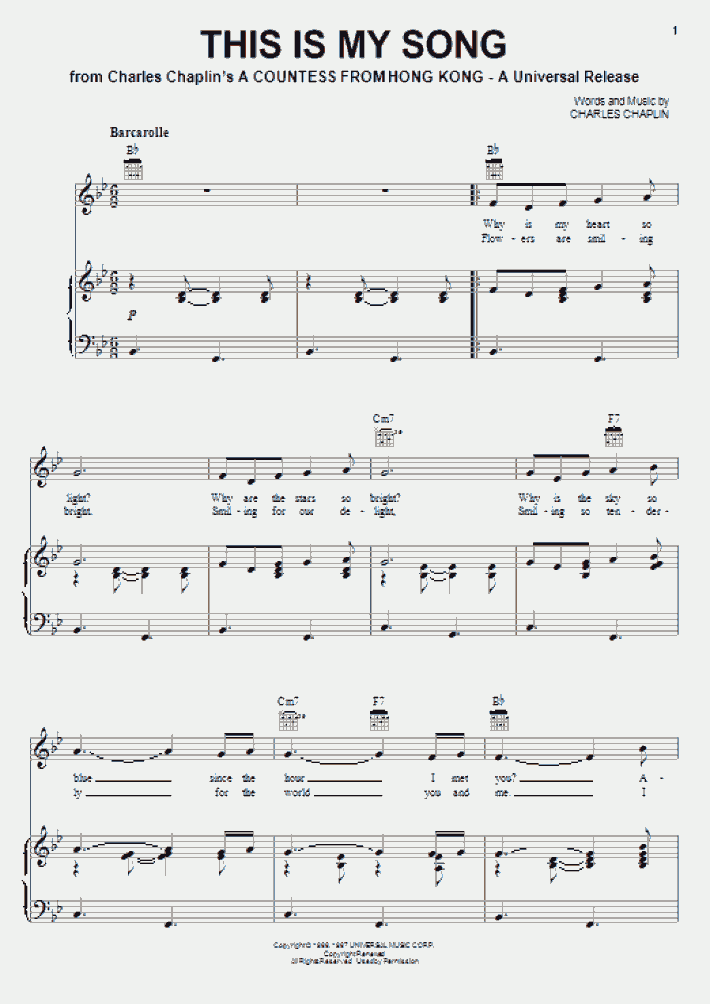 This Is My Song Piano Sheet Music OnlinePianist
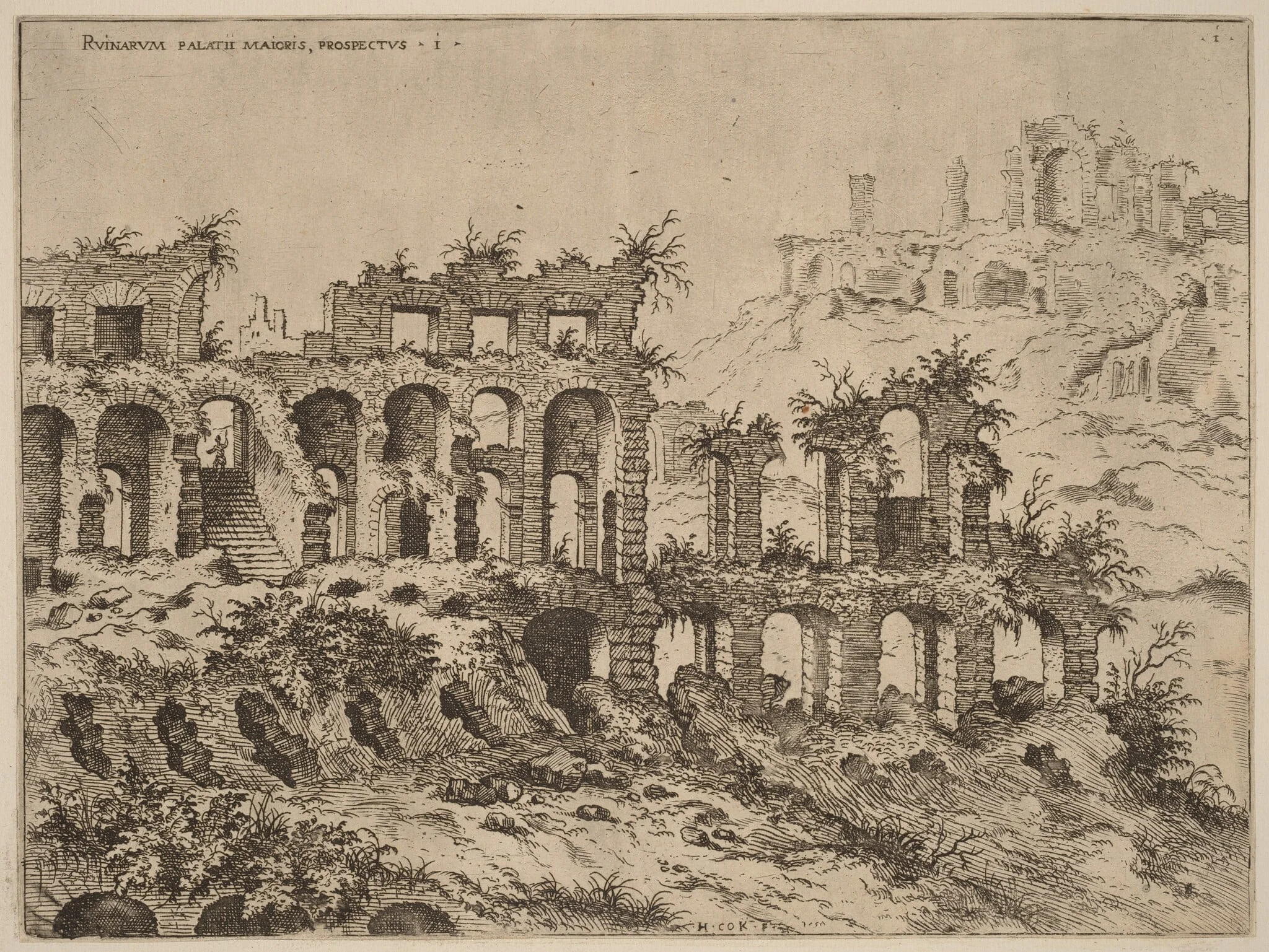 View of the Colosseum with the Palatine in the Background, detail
——————
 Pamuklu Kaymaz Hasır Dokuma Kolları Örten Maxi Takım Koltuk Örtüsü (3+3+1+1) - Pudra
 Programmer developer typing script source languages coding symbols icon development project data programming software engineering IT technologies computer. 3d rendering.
——————
• **Problem requirements**
What is needed is a verbatim copy of every line in the records above from the one containing "Pamuklu Kaymaz Hasır" down to the one containing "Programmer developer typing", both included, and nothing more.

• **Response**
 Pamuklu Kaymaz Hasır Dokuma Kolları Örten Maxi Takım Koltuk Örtüsü (3+3+1+1) - Pudra
 Programmer developer typing script source languages coding symbols icon development project data programming software engineering IT technologies computer. 3d rendering.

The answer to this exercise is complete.